I do not know how many conferences the Asian financial crisis has spawned. I do know it has been a time of full employment for economists with any pretension to competence in the area – and even for those who don't. I also know that, for the moment at least, the sense of crisis has died down.
It is also my sense that there is little or no connection between those two observations.
The conferences have provided, as nearly as I can detect, little by way of consensus on the really critical issues – the issues of truly systemic importance. Given that lack of intellectual conviction, and the limitations of time, little has been done to achieve concrete reforms.
The sense of receding financial crisis is more analogous to the passage of a forest fire than to successful fire precautions: the flames die down and the embers cool, but there remains a lot of devastation and the prospect of a long period of regrowth.
What will be critically important in the end is whether that regrowth will be healthy and sustained. It will at any rate, be quite a challenge, to return to anything like the growth paths that prevailed in most of Asia before the crisis. The specific arithmetic varies among countries. But it is obvious that countries that had been enjoying growth trends of six or seven or eight per cent a year are now producing far below their potential, even if some of them have now turned the corner from deep recession.
Maybe restoration of the earlier rate of growth is too tough, too unrealistic, a test. A strong argument can be made that the extraordinary growth rates in Thailand, in Indonesia, in Malaysia and elsewhere had to taper off to a more sustainable pattern. But whatever the precise number, the issue with which we are all grappling is whether the emerging nations of Asia, of Latin America, and of Eastern Europe can in fact restore a strong and sustainable growth path in the context of open international markets for money and capital.
That, it seems to me, is the basic issue before this conference. It is quite obviously a terribly important issue, an issue bearing upon all our thinking about the benefits of an open globalised economy.
The papers before this conference help put it in proper perspective. The current crisis is not the first, nor will it be the last, in international finance. But there are factors vastly complicating the situation.
We all know how modern technology – the information society and all – has broken down natural barriers to the free movement of money. It can flow faster and faster in larger amounts, with the number of participants rising exponentially. But it is not just technology that rules the economic world. Within a single decade following the fall of the USSR, the ideology of open markets for money has swept the emerging world, with all the bright promise of enhancing efficiency and growth.
Is that all more chimera than reality? Or, more appropriately, what do nations, individually and collectively, need to do to better assure that the vision will become reality? I'd like to think we could reach really solid conclusions in the next 36 hours. I realise the precedents are against that. But I am an ardent fisherman – an avocation in which hope springs eternal, and which occasionally is rewarded by success!

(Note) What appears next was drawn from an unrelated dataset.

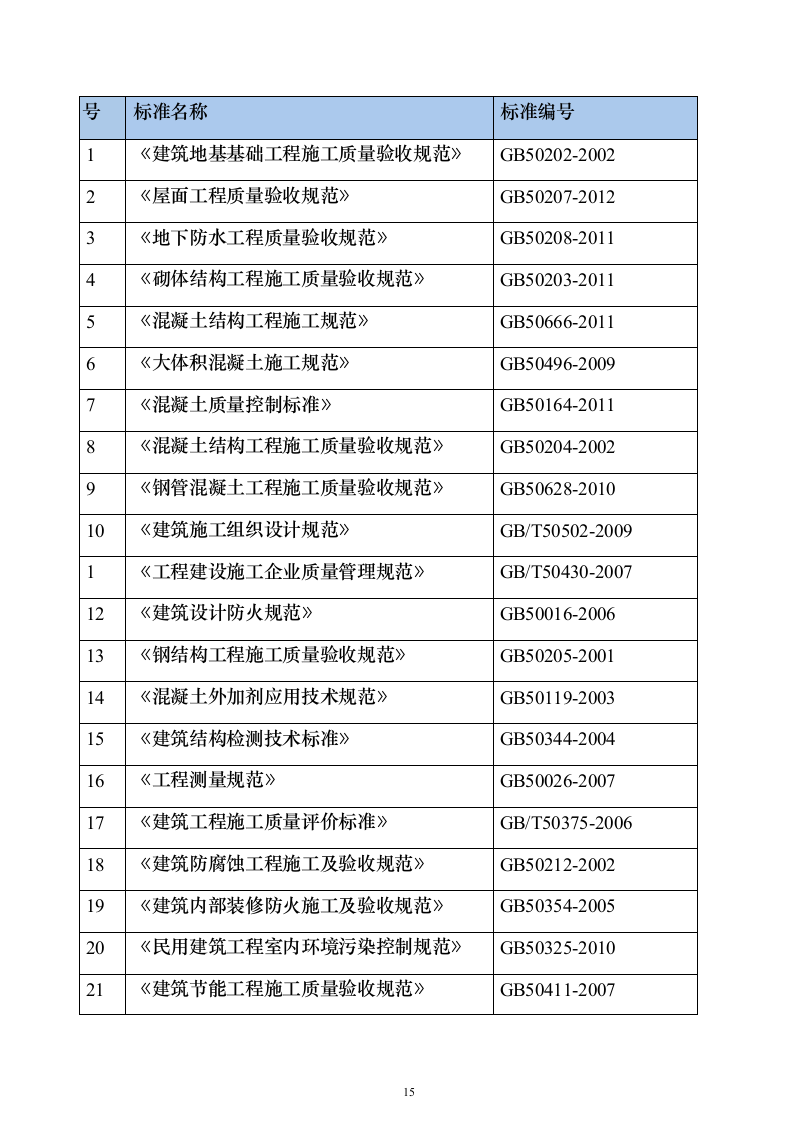 天津大学新校区建设项目投标施工组织设计投标方案(926页)（2024年修订版）.docx 第15页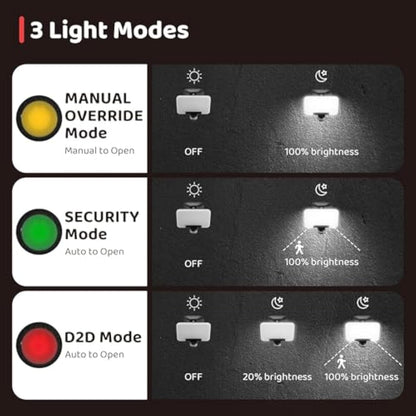 OREiN Outdoor Lights, Security Lights Outdoor Motion Sensor 24w 2800lm, Warm/Nature/Cool White Adjustable Flood Light, IP65 Waterproof Dusk to Dawn Outside Lights for Garden Driveway–Mains Powered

In fact, a fisherman often needs to be satisfied and rewarded by the experience rather than by the size of his catch, and the papers before us have already helped our thinking. Perhaps my own view of the source of the difficulties is a bit idiosyncratic. I can only plead the fact that I was directly engaged in these matters from both public and private perspectives for about 40 years, and that provides a certain perspective. And just possibly, the fact that I am, at this advanced state of life, somewhat removed from the operational fray, permits me to be more pointed.
Of one thing, I feel quite confident. The points about which the greatest degree of consensus has emerged – the reforms that have received the most emphasis in official circles – provide little basis for expecting future crises can be avoided or even greatly ameliorated.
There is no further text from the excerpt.